Quindi va a scuola, chiedendo se è possibile una dilazione del pagamento delle nuove tasse.
Il potere, sotto l'aspetto di un funzionario sordido ed arrogante, nega, e, alla domanda di Chaka: "Insomma, che cosa ci fate con i nostri soldi?" risponde: "Ce li mangiamo, e col resto vi mandiamo in galera".
La notte, durante un temporale, Saran ha degli incubi: vede Khalifa cresciuto finire in prigione per furto, e Fanta adolescente costretta di notte a vendere l'amore al primo venuto.
Il risveglio non dissipa i fantasmi. I due piccoli ricevono a scuola la notizia che non potranno ritornarvi, comprendono che il "cambierà" del padre era una pietosa bugia per bambini, che il loro destino è di diventare come i loro genitori.

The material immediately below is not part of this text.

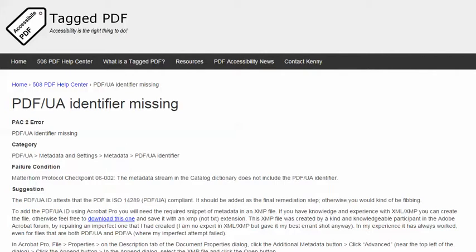The failure condition in the Matterhorn protocol reads: the metadata stream in the catalog dictionary does not include the PDF UA Identifier.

Non resta ora che dedicarsi a tempo pieno all'immondizia e alle arance, scambiandosi una sola battuta: "Perché non siamo morti da piccoli?".

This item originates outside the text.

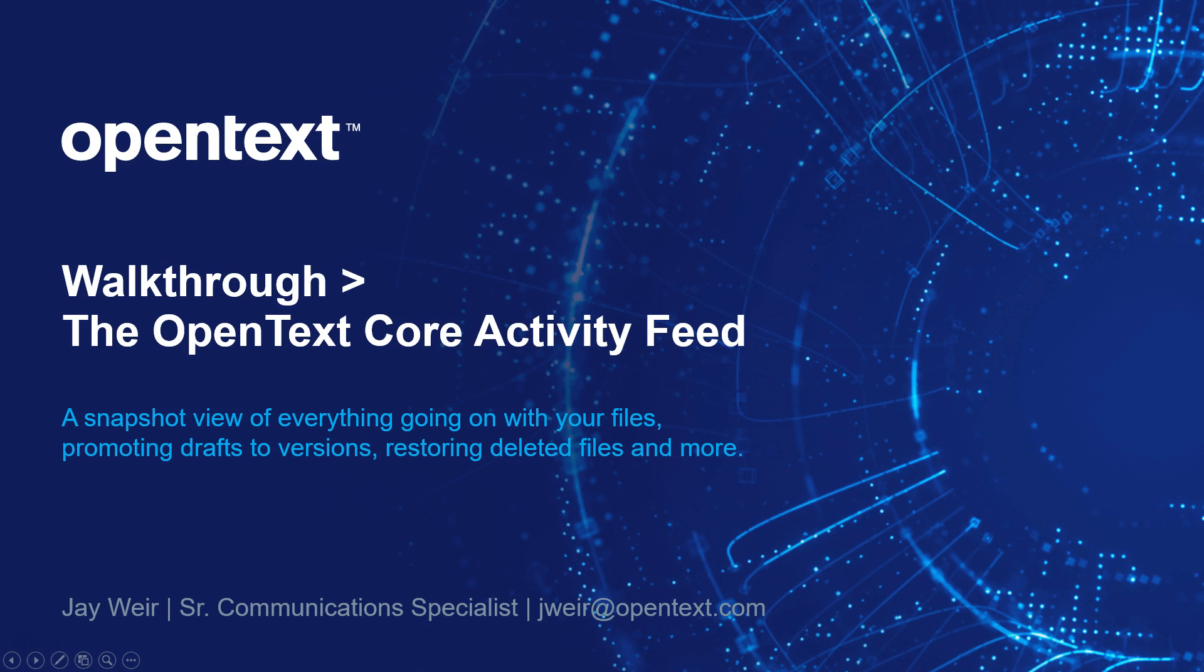Hi everyone, Jay here from OpenText, and in today's walkthrough, we're going to cover the activity feed in OpenText Core, a great place to go for a snapshot view of everything that's going on with your files in Core, what other collaborators are doing.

Resta graffiata nel cuore la rabbia disperata del ritmo del passo con il quale i due innocenti scendono dal vuoto di speranza della verde periferia verso il vuoto di speranza del polveroso centro di Bamako. Forse tutto ciò non ha bisogno di commenti. Ma uno voglio farlo, per introdurre una considerazione che mi sta molto a cuore, partendo dalla scena del sacrificio di Chaka e della sua famiglia per la neonata ed il vedovo.
Sissoko mostra nell'atto di questo sottoproletariato del quarto mondo la difesa suprema di tutto ciò che i ricchi ed i meno ricchi occidentalizzati hanno distrutto in se stessi: il senso di responsabilità verso il prossimo. Mentre la società "in via di sviluppo" verso i comportamenti cinici della metropoli "civile" calpesta il prossimo. Chaka arriva a calpestare se stesso ed i suoi piccoli per il prossimo.

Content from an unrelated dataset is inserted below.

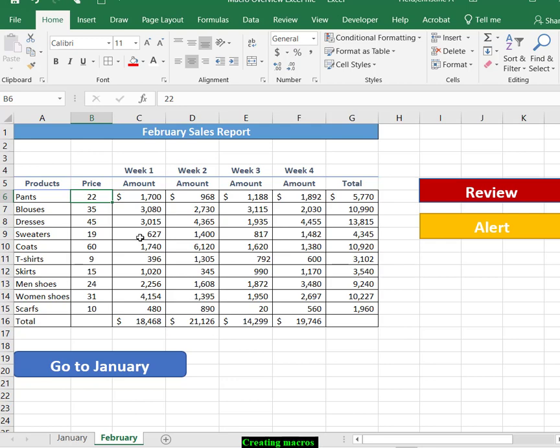For the review macro, he wants to flag it as a red background, white font, bold, 14-point font with thick outside borders.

Che Sissoko lo abbia o no voluto, questa scena apre uno spiraglio su una realtà praticamente inviolata per noi.

Quel diaframma impenetrabile
I materiali che abbiamo a disposizione per conoscere il quarto mondo - grafici sul regime pluviometrico o statistiche sulle calorie pro-capite, scoop giornalistici spettacolari, tesi di laurea in etnolinguistica, il tutto amalgamato con i luoghi comuni distratti e superficiali del turismo, che viene fra i dannati della terra per pagare poco e divertirsi molto - costituiscono forse fonte di profitto e lustro per chi li produce, ma certamente formano un diaframma impenetrabile ad una conoscenza degna di questo nome.
C'è ancora altro.
Ci sono persone che, non importa in quali organizzazioni, agiscono con responsabilità e sacrificio verso gli abitanti del Quarto Mondo. Si è creato, direi da sempre, lo stereotipo per cui tali qualità morali sono monopolio del mondo industrializzato, ennesimo e definitivo segno della superiorità morale e civile. Lo stereotipo per cui la sofferenza del redentore bianco è sublime, fa notizia, fa storia, quella della vittima non ha qualità, non interessa, dunque non esiste.
Questo stereotipo offende la verità dell'anima africana più dei negrieri e dei razzisti. Chaka, nell'atto del suo sacrificio illimitato per il prossimo, ha il diritto di gridare in faccia a tutti i missionari, i filantropi, gli educatori di ogni tipo e natura, una volta per sempre: "Quando voi vi siete trovati in questa situazione? Quando voi avete fatto questo? Mal che vi vada, voi cadrete sempre bene, noi invece ci muoviamo sull'abisso senza rete. Eppure rischiamo. Allora, una sola cosa: se nella vostra 24 ore avete anche la dignità da regalarci o restituirci, no, grazie: quella l'abbiamo sempre avuta".